According to these models, from 1955 to 2005, global temperatures increase by 0.59°C with CFCs and by 0.39°C without CFCs. One-third of the warming is therefore not caused by CO2 but by the CFCs.
If the remaining warming for CO2 is converted over the five decades, average warming of 0.08°C per decade remains. Not exactly a lot. CFCs have a 19,000-23,000 times stronger forcing than CO2.
Half of Arctic warming due to CFCs
In the Arctic, the CFCs had an even greater impact in the model calculations. As is well known, the warming there from 1955 to 2005 was greater than on a global scale, by 1.59°C in the models.
According to Polvani, without CFCs, the increase would have been only 0.82°C, i.e. only half as much.

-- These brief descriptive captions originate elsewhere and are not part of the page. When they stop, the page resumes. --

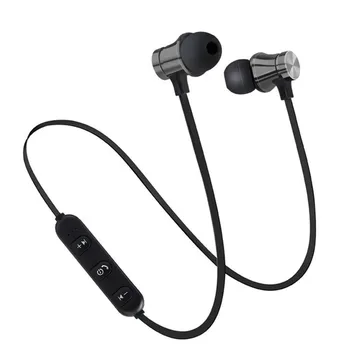 Bluetooth V4.2 Belaidės Stereo Ausinės Sporto Vandeniui Ausinių Su Mic Ausinės iPhone 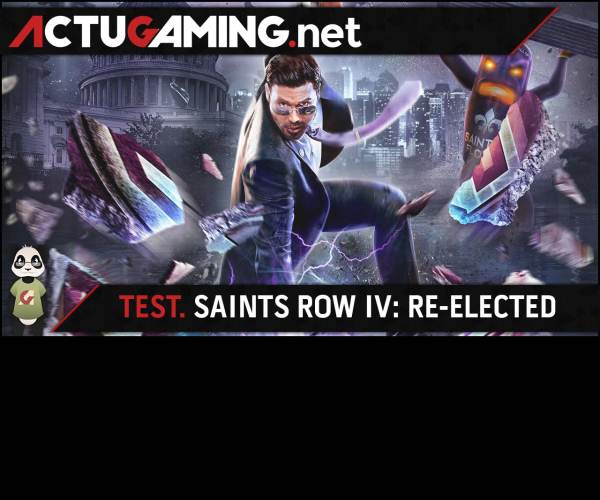 Saints Row 4: Re-Elected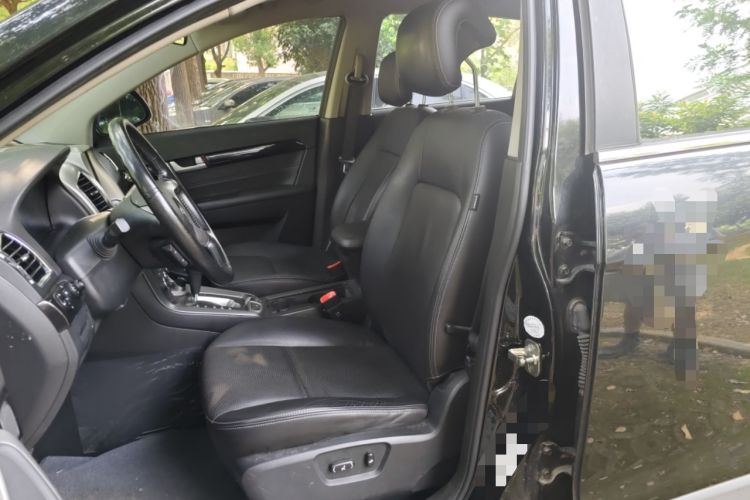 Used Chevrolet Captiva 2014 2.4L 4x4 Flagship Edition 7 Seats
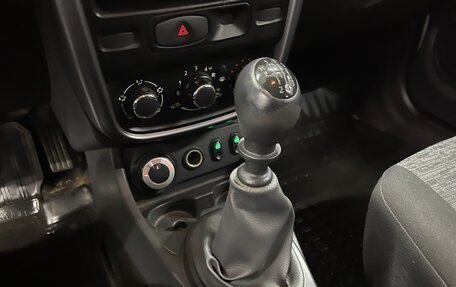 Renault Duster I рестайлинг, 2012 год, 849 000 рублей, 14 фотография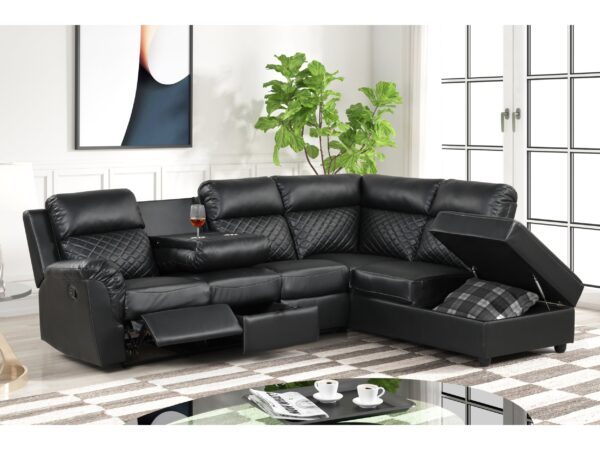 Charlotte Black RAF Chaise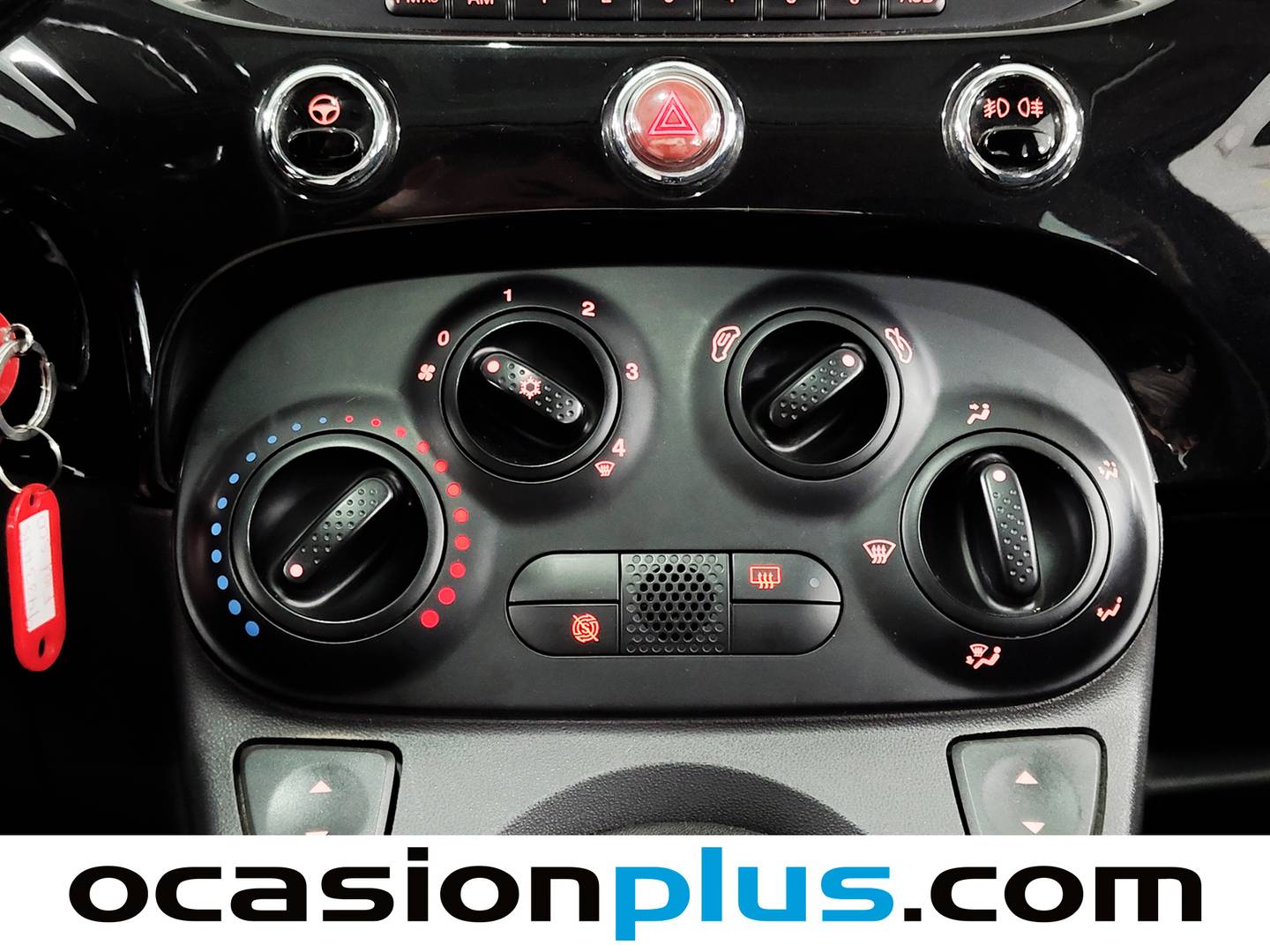 Fiat 500 Fiat 500 1.3 16v MultiJet S&S Lounge (95 CV) manual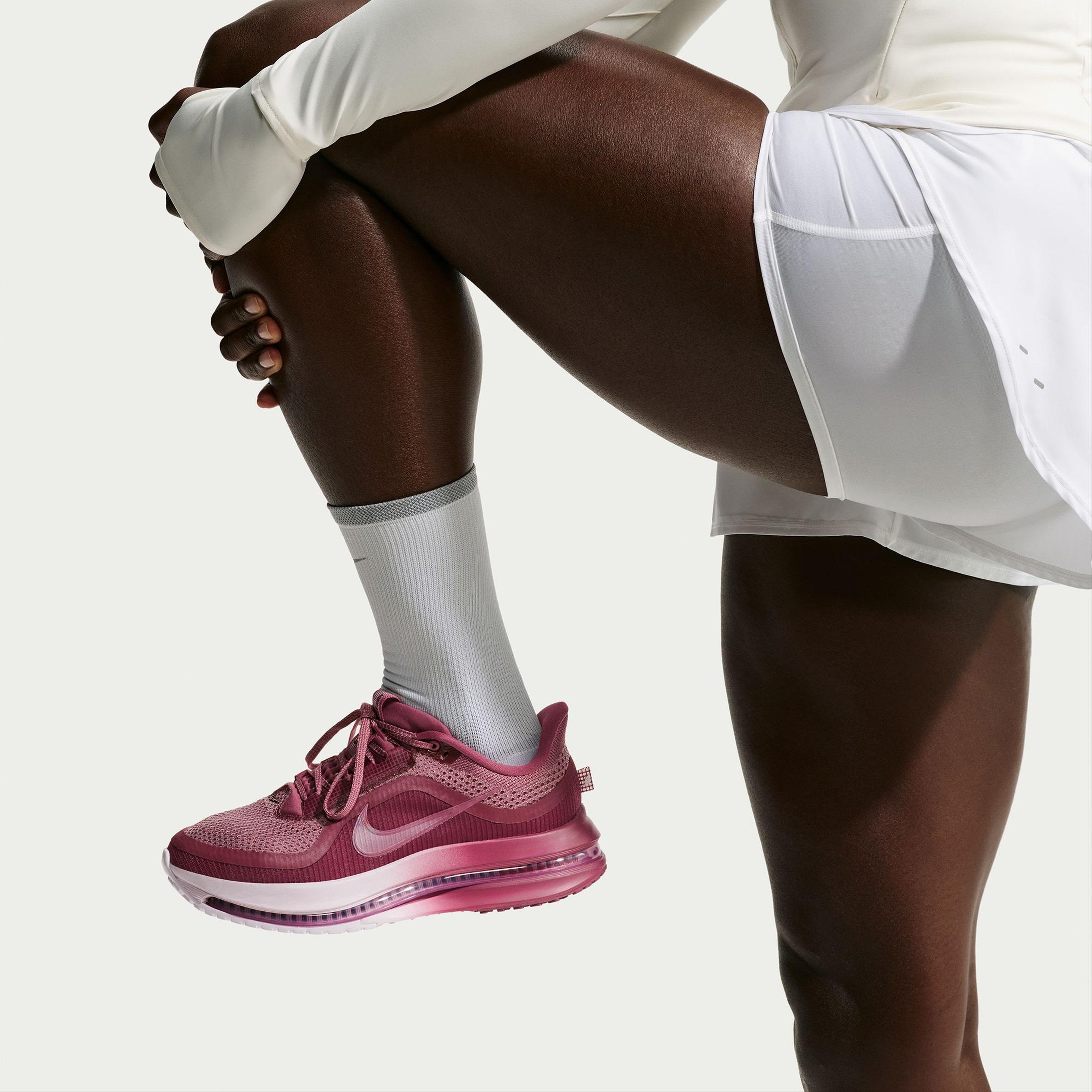 Nike Pegasus Premium Kadın Pembe Koşu Ayakkabısı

Half of Arctic melt due to CFCs
The same applies to sea ice. According to Polvani, half of the decrease in the area of Arctic sea ice in September (the smallest extent of Arctic sea ice in each case) is thus attributable to CFCs.
The other way round: only a maximum of half of the warming and the decline of the sea ice can be attributed to CO2.
Authors asked to edit conclusion
The authors conclude that the decrease of CFCs in the air due to the prohibition of the substances will substantially defuse the warming and the decrease of ice in the future.
It is interesting that these clear conclusions called mainstream scientists to the scene.
Piers Forster of the University of Leeds and John Fyfe of the Canadian University of Victoria asked the authors to change the sentence in the conclusion from “CFCs produce 1/3 of global warming and half of Arctic climate change” to “CFCs are an important contribution to the global climate system, especially in the Arctic.”
The numbers remain, but the interpretation is clouded because it would cause too much sensation. That’s how climate science framing works today.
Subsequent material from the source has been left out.